Le chinois est une langue décidément passionnante. Dotée d'une histoire plusieurs fois millénaire, dépourvue de grammaire comme on l'entend dans nos contrées occidentales, chaque sinogramme foisonnant par contre de significations plus ou moins (enfin, surtout moins) évidentes à relier les unes aux autres, sa prononciation est d'une exigence rare avec ses quatre tons, ses rétroflexes, sans parler de sa retranscription en caractères latins (le pinyin) qui n'a que peu de choses à voir avec la manière dont on prononce réellement (non, zh n'est pas [z], c'est [dj] comme dans Johnny fais moi mal).
Outre tous ces caractères qui lui donnent son immense intérêt, le chinois possède une autre caractéristique : putain que c'est chiant à apprendre, toutes ces conneries. Déjà quand t'es dans le bain, c'est pénible, mais alors après douze semaines de grève et une semaine de vacances, pour s'y remettre, c'est mission impossible. Ton cerveau ne PEUT pas. Et du coup, tous les prétextes sont bons pour rien branler, ou en tout cas pour ne surtout pas branler du mandarin.
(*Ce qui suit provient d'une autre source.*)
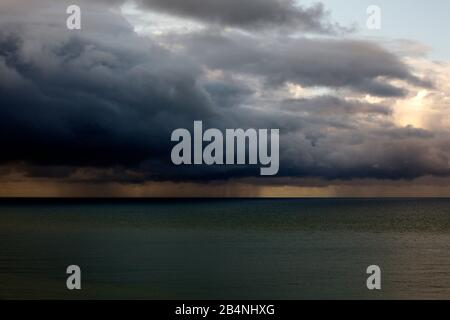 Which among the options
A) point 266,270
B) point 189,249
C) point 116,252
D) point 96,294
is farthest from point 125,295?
point 189,249

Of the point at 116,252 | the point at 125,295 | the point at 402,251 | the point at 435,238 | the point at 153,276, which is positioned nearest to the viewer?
the point at 125,295

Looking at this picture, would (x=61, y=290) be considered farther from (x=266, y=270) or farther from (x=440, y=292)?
(x=440, y=292)

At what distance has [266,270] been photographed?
50031 mm

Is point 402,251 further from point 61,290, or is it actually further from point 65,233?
point 65,233

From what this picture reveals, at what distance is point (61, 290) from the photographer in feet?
129

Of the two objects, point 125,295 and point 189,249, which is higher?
point 189,249

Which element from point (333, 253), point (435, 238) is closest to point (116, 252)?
point (333, 253)

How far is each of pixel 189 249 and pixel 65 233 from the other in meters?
30.5
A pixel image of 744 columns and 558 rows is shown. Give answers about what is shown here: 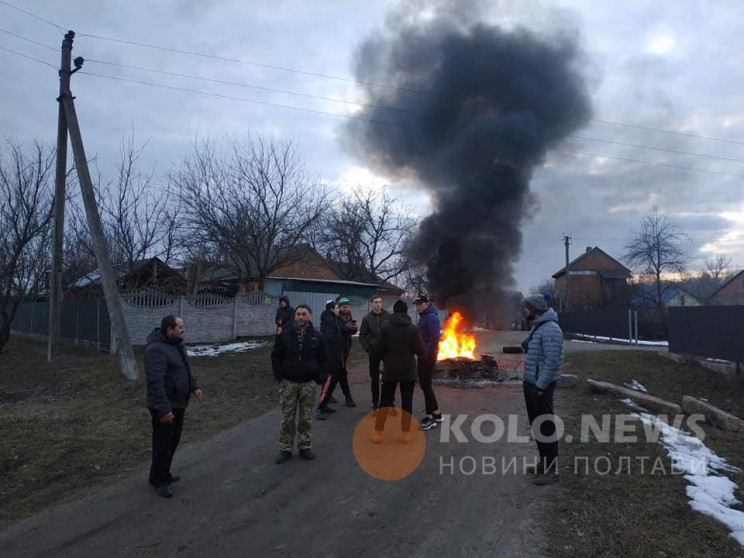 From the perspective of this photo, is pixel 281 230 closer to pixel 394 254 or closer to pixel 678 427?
pixel 678 427

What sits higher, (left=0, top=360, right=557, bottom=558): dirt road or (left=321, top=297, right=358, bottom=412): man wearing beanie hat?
(left=321, top=297, right=358, bottom=412): man wearing beanie hat

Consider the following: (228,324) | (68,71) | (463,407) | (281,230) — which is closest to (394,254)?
(281,230)

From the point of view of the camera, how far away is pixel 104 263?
1054 cm

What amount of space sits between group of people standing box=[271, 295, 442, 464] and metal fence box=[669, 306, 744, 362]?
954cm

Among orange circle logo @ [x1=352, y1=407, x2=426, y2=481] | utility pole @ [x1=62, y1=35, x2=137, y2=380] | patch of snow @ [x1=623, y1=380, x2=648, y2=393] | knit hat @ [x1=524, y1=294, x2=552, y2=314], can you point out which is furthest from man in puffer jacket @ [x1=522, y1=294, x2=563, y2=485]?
utility pole @ [x1=62, y1=35, x2=137, y2=380]

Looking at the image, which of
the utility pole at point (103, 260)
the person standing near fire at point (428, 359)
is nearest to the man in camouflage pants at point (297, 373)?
the person standing near fire at point (428, 359)

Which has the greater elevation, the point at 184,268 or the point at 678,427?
the point at 184,268

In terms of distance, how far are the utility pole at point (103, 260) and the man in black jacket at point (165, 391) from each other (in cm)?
608

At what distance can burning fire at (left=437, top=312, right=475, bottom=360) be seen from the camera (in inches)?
493

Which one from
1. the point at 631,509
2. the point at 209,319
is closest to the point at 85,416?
the point at 631,509

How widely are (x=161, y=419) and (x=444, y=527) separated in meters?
2.53

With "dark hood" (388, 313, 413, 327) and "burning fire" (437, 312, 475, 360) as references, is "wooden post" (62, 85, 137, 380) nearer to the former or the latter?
"dark hood" (388, 313, 413, 327)

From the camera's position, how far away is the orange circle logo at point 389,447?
5047 millimetres

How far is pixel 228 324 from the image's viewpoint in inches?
699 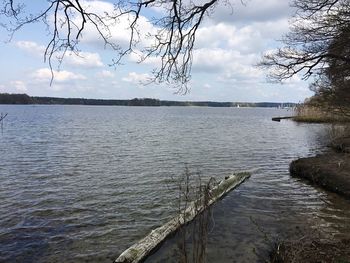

Parce que déjà, au bout de deux ans, tu connais trop de choses. Par exemple, est-ce vraiment nécessaire de savoir dire « élongation du clitoris » ? Je ne suis pas sûr. En tous cas, même en français, ça n'entre que rarement dans ma conversation, alors en chinois, comme j'en suis à espérer réussir à me faire comprendre en demandant si ce sont bien des pommes, et à combien les vendez-vous, alors que je n'aime même pas les pommes, l'élongation du clitoris, je vous avoue que je m'en badigeonne le nombril avec le pinceau de l'indifférence, comme dirait l'autre (je sais plus quel autre).
Bref. En tous cas, depuis que je suis rentré de mon périple bruxellois, de ses sushis aux concombres et de ses mitraillettes baveuses, mon esprit cherche à tout prix à éviter de se remettre au chinois. Pour commencer, il a sommeil. Parce que dormir une heure et demie sur un fauteuil de gare et deux sur un canapé, en 48 heures, ça lui suffit pas.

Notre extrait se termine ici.